Ce maillot qu’aucun italien n’avait porté depuis Vincenzo Nibali en 2014, Fabio Aru le voulait : « Je crois toujours que les meilleures choses sont possibles. Dans une arrivée aussi difficile, je pensais vraiment pouvoir tirer mon épingle du jeu. » Mais il ne s’attendait peut-être pas à ce que son adversaire britannique craque dans la montée vers Peyragudes. « Le rythme des Sky était si élevé qu’on n’a pas vu Froome dans le dur. Je ne pouvais pas voir son état, expliquait-il. Juste après l’arrivée, j’ai regardé derrière moi et j’ai vu que Chris était un peu plus loin. Après quelques calculs, j’ai pensé que j’allais être maillot jaune. Quand il s’est avéré que c’était le cas, une terrible émotion m’a traversée. » Déjà expérimenté dans la gestion d’une place de leader, le Sarde avait de quoi sourire hier. L’affaire est bien engagée. Reste désormais à conserver sa tunique.

En infériorité numérique

Pour cela, l’Italien devra compter sur une équipe Astana à son meilleur niveau. D’ailleurs, à l’arrivée, Fabio Aru essayait de remotiver ses troupes ensanglantées. « Malgré les chutes, mes coéquipiers vont se plier en quatre pour moi. C’est à eux que je dédie ce maillot. Jakob Fulgsang a tout fait pour rester avec moi aujourd’hui malgré ses blessures. Certes, on a perdu Cataldo, c’est difficile, mais il est important de réagir à ces chutes. » Vinokourov en est sûr, les vertus du jaune vont ragaillardir les troupes : « Fabio est dans la forme de sa vie, et ce maillot redonne le moral à toute l’équipe. » Mentalement, la mesure dans laquelle Astana va être galvanisé par la défense du maillot jaune sera une donnée primordiale. Car en face, il y a une grosse écurie prête à écraser la course.

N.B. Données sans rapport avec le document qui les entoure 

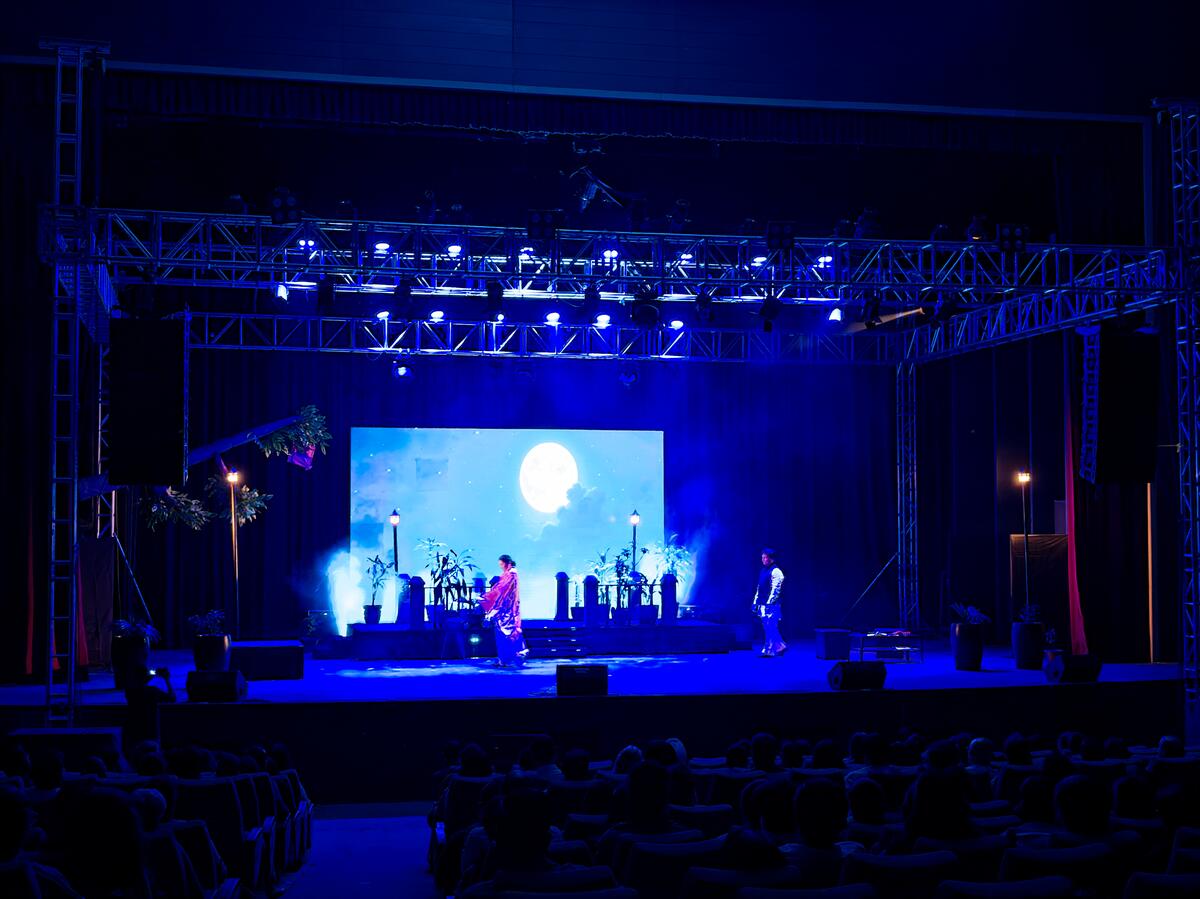 Outdoor festival staging with weather protection and crowd barriers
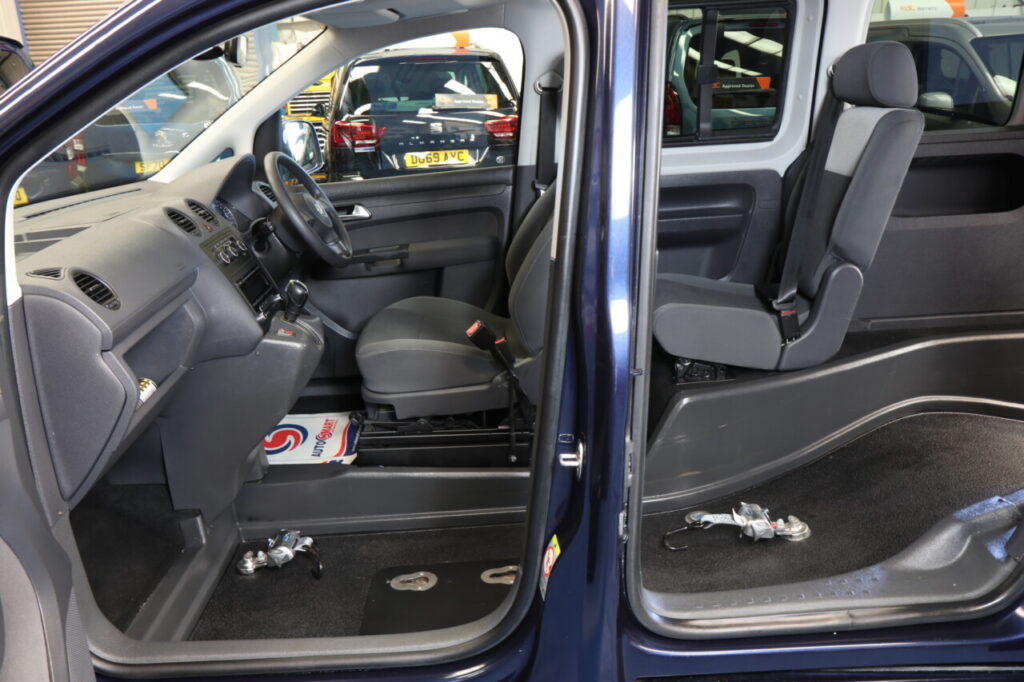 VW Caddy passenger wheelchair upfront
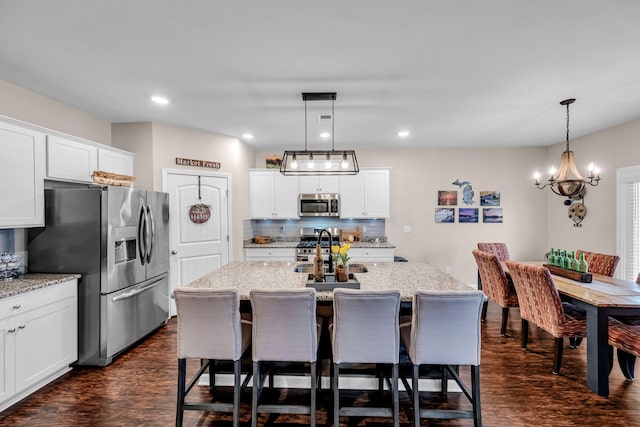 kitchen with a kitchen island with sink, hanging light fixtures, white cabinetry, and stainless steel appliances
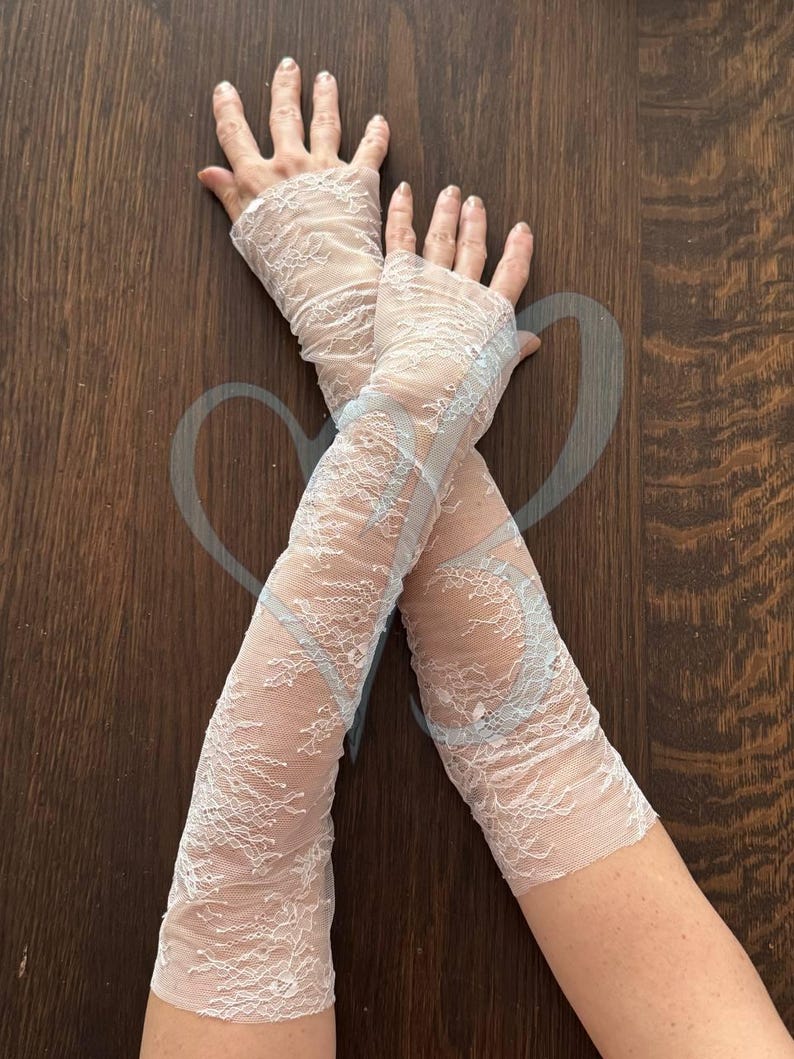 May include: A pair of sheer, off-white lace arm warmers. The delicate lace features a floral pattern and extends from the wrist to the upper arm. The arm warmers are displayed on a dark brown wooden surface.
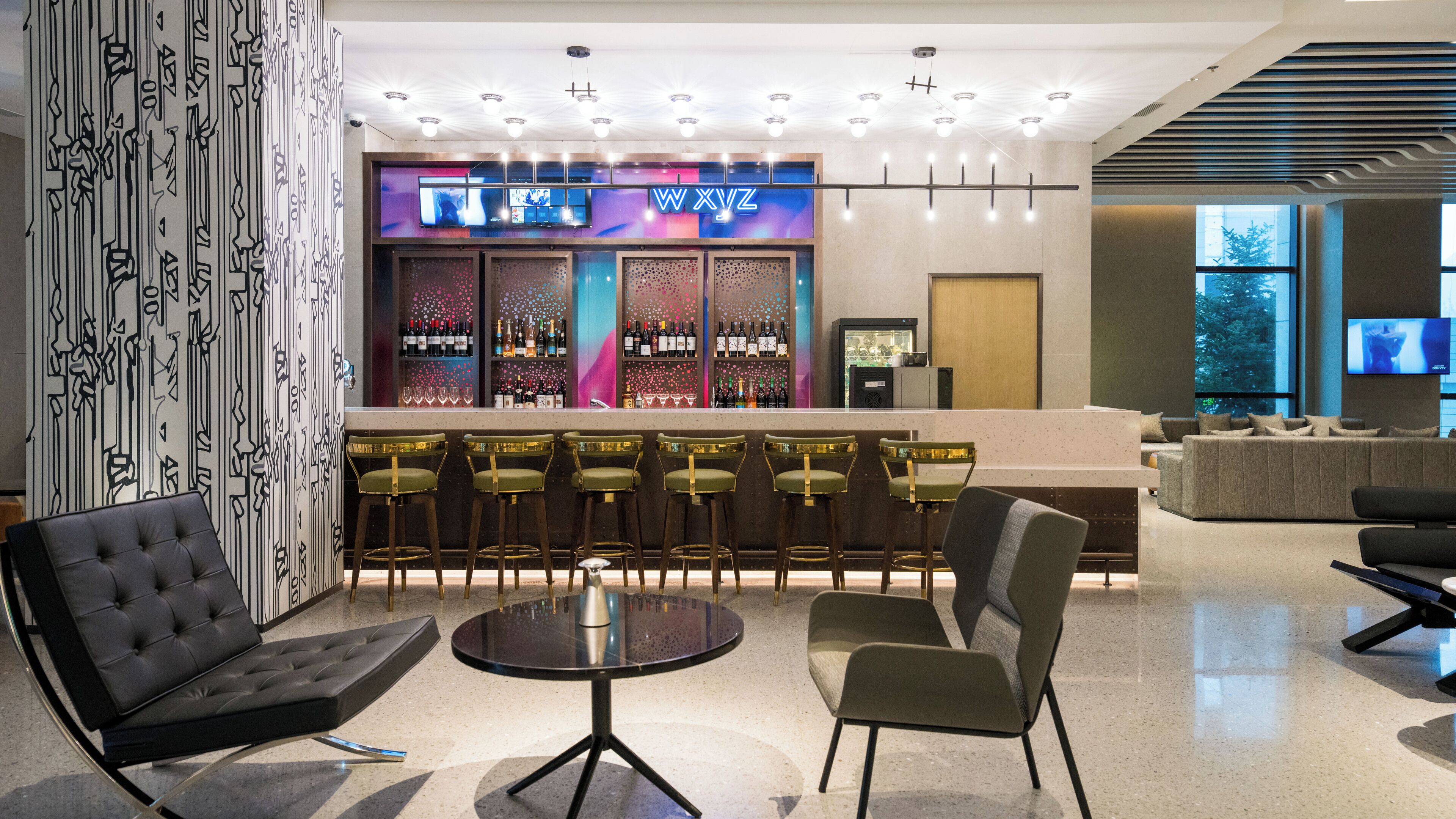 A modern bar area with a bar counter, multiple stools, and a seating area with a sofa and chairs.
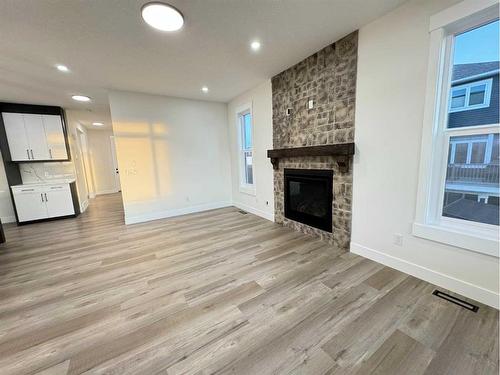 3 Lakewood Mews, Strathmore, AB - Indoor Photo Showing Living Room With Fireplace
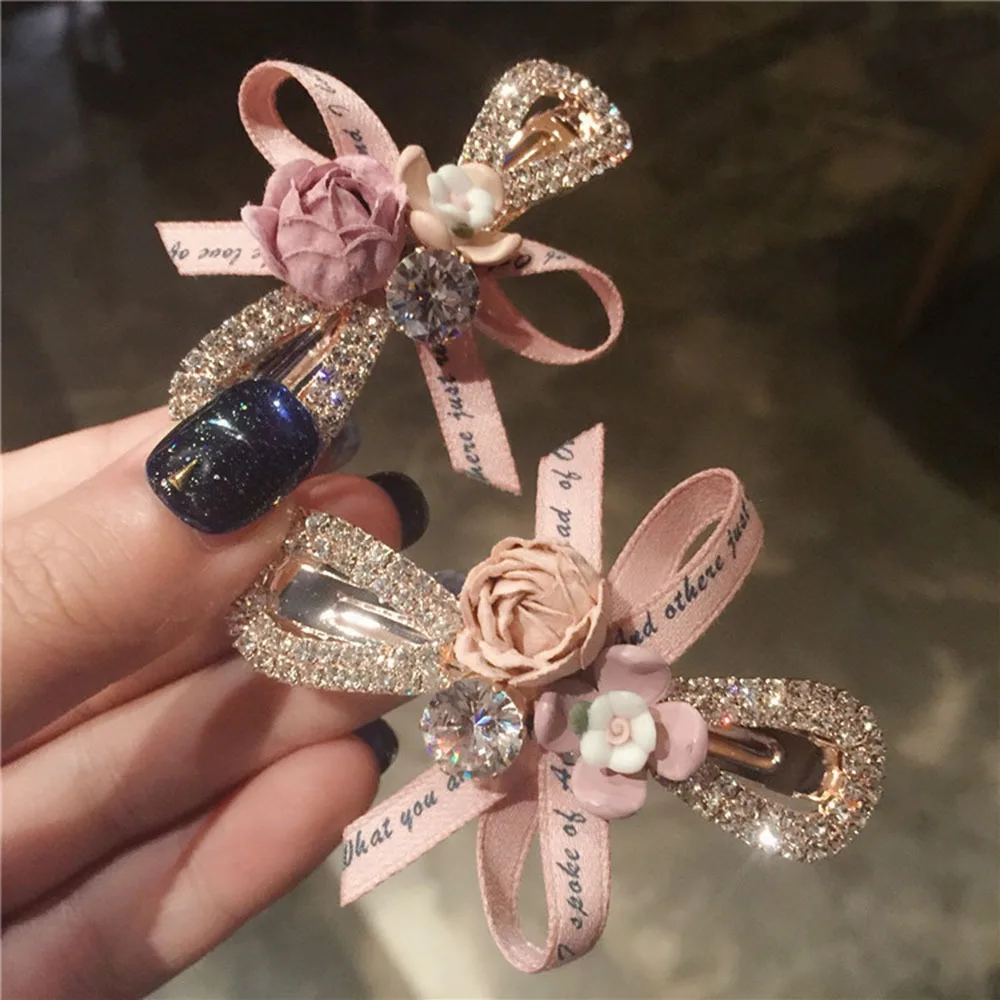 Korean Fashion Flower Hair Clip Crystal Bow Ribbon Hairpins Shiny Rhinestones Boutique Women Hair Accessories Ponytail Holder
Korean Fashion Flower Hair Clip Crystal Bow Ribbon Hairpins Shiny Rhinestones Boutique Women Hair Accessories Ponytail Holder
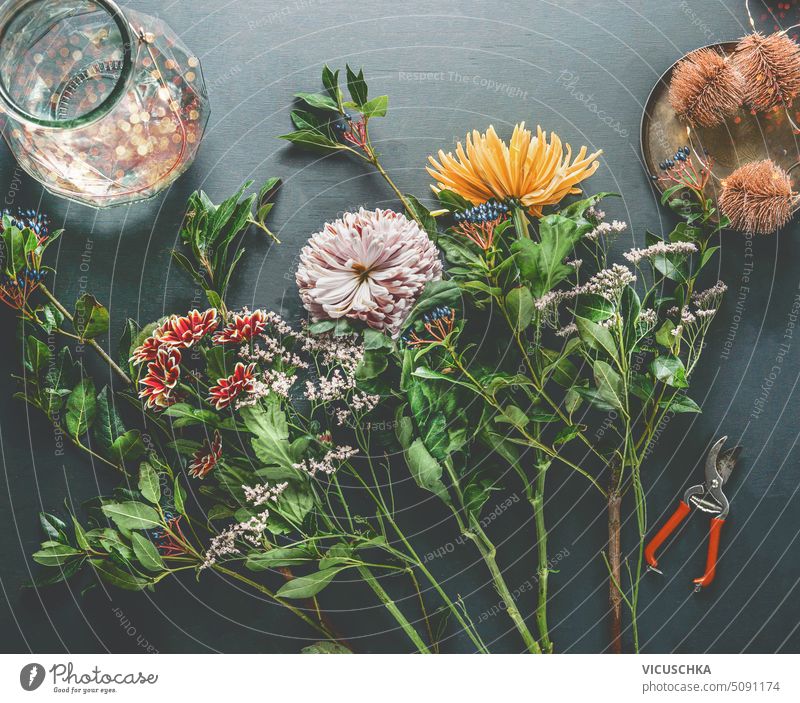 Beautiful chrysanthemum flowers and glass vase with bokeh on dark table. Top view. Flowers arrangements making. Florist workplace beautiful top view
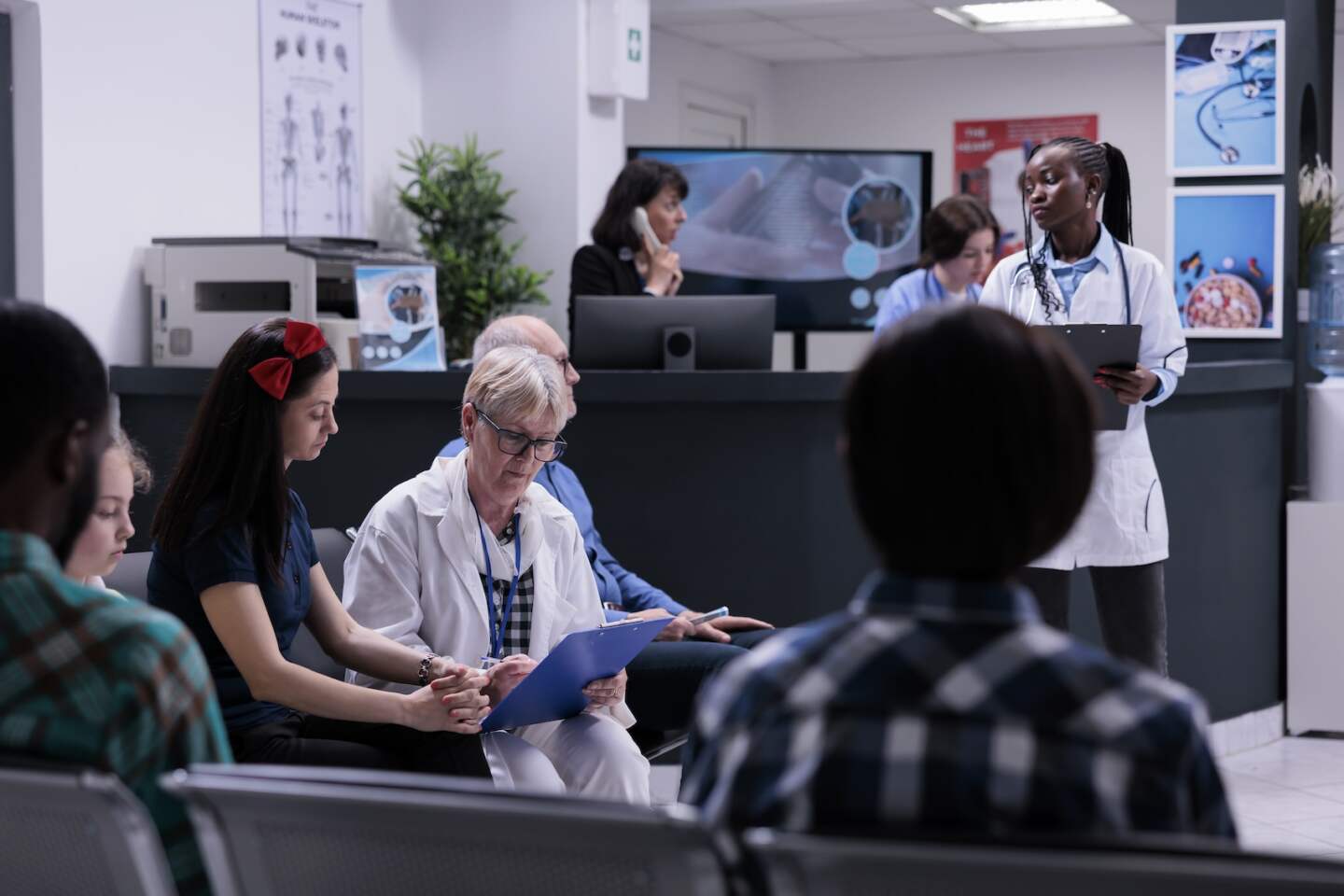 Senior pediatrician with clipboard doctor completing form for mother and child for routine checkup appointment in hospital reception. Diverse people waiting in modern private practice clinic.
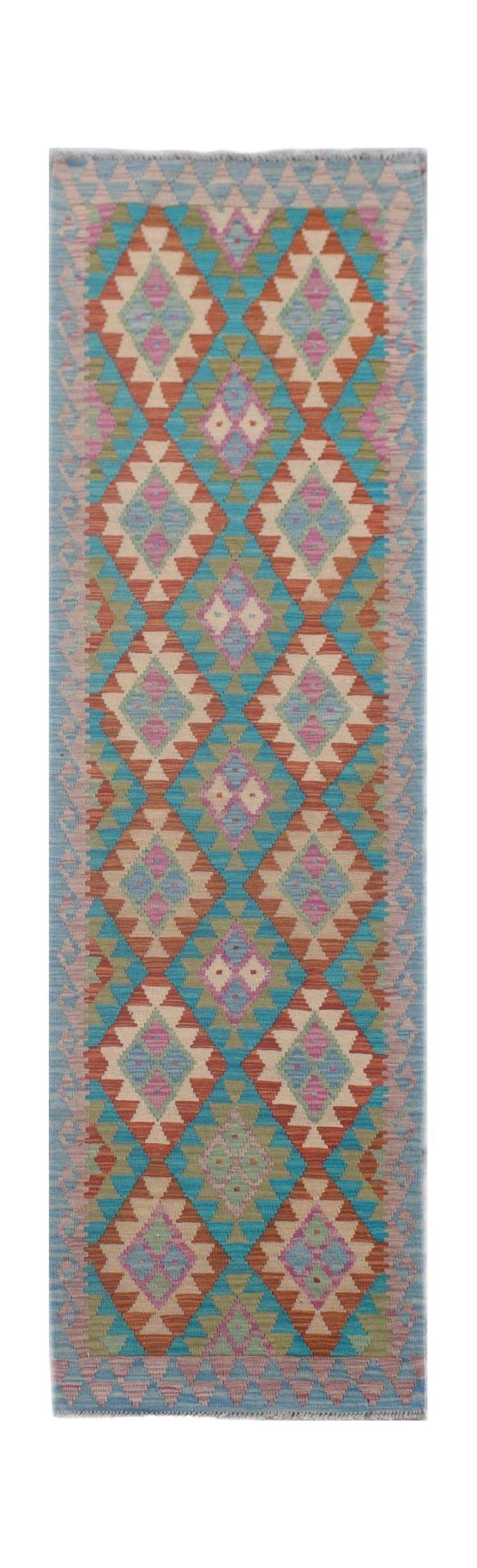 Handmade Afghan Maimana wool runner rug featuring a colorful geometric diamond pattern.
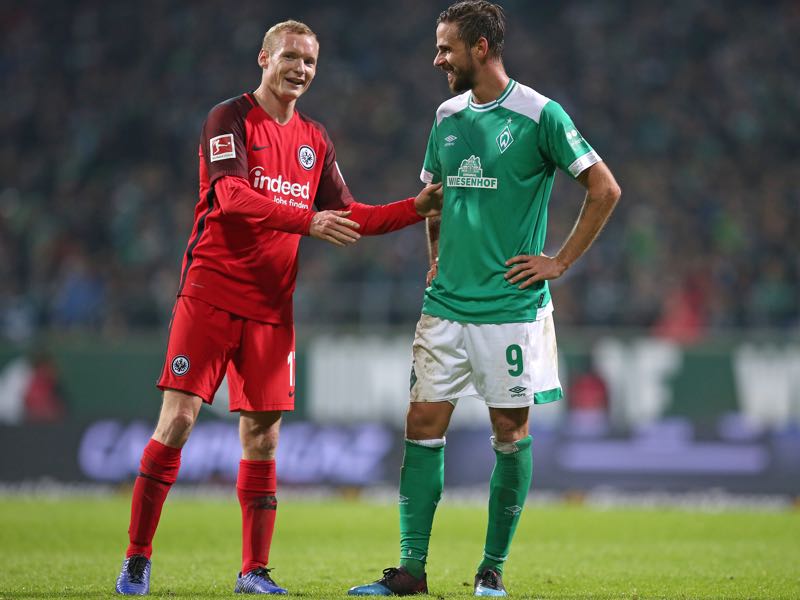 Sebastian Rode of Eintracht Frankfurt and Martin Harnik of Werder Bremen talk to each other during the Bundesliga match between SV Werder Bremen and Eintracht Frankfurt at Weserstadion on January 26, 2019 in Bremen, Germany. (Photo by Cathrin Mueller/Bongarts/Getty Images)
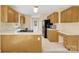 Kitchen features wooden cabinets, tile floors, and white countertops at 115 Green Sw St, Concord, NC 28027
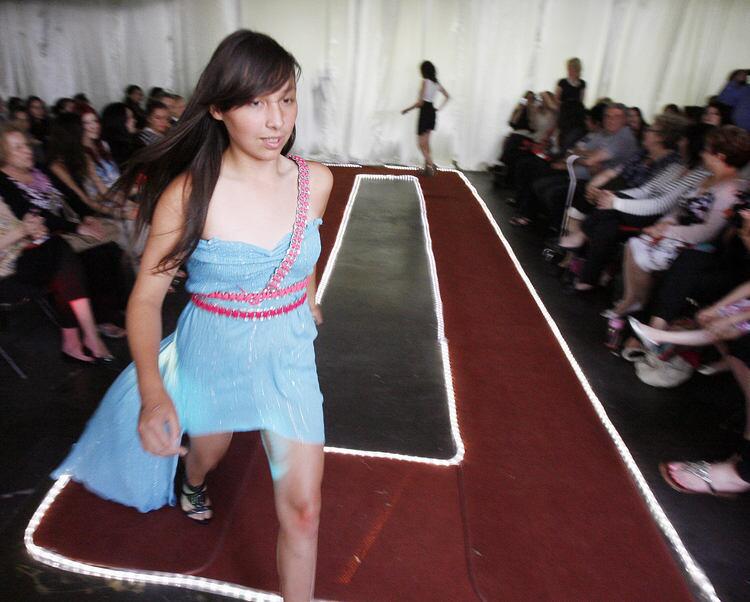 Yoselin Galdamez finishes her modeling of the dress she is wearing at the Debut Annual Rosemont Fashion Show at Rosemont Middle School in La Crescenta on Monday, June 13, 2011. Several 8th grade girls performed in the fashion show featuring several different outfits and designs they created.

Jusqu’à aujourd’hui, la Sky instaurait même une sorte de terreur dans l’esprit des favoris. Ce qui expliquait leur attentisme jusqu’à maintenant. « Sky a imprimé un gros rythme pendant l’étape, détaille Aru, surtout dans Balès et Peyrsourde. Il n’y a rien à redire sur cette manière de courir. C’est une équipe très forte, ils peuvent se le permettre et lorsqu’ils mettent en marche, on ne peut que rester dans les roues. » Mais hier, le dernier étage de la fusée a eu du mal à décoller. Les idées germent donc dans les têtes. Celle de Romain Bardet, vainqueur sensationnel hier, celle de Rigoberto Uran, dans une forme resplendissante mais surtout dans celle d’Aru. Maître de son destin par sa force, l’Italien devra aussi ruser. Il sait se faire sous-estimer et quand venait le moment de parler de sa prise de pouvoir, le vainqueur de la Vuelta 2015 divaguait.

Fabio est dans la forme de sa vie, et ce maillot redonne le moral à toute l’équipe.

Alexandre Vinokourov

Il préférait en effet jouer l’homme profitant un peu de sa prouesse : « Je veux apprécier le maillot jaune avant tout. » Avant que le stratège en lui n’admette que la tête était déjà au lendemain. « Je sais que demain (aujourd’hui) ne sera pas une journée facile. Depuis que j’ai vu le parcours, je me méfie de cette étape. Les étapes courtes comme celle-ci font mal car elles sont très rapides. » Pas de temps pour la Dolce Vita, car Aru sait par Machiavel que la soif de dominer est celle qui s’éteint la dernière dans le cœur de l’homme. Et Froome n’a pas étanché la sienne. Les 101 kilomètres d’un parcours au profil nerveux, terminant en descente, sont propices aux attaques lointaines. Une bonne opportunité pour éloigner plus encore le Britannique d’un quatrième sacre élyséen. L’esprit offensif du champion d’Italie devrait faire le reste. On ne chemine jamais qu’entraîné par la force de son naturel.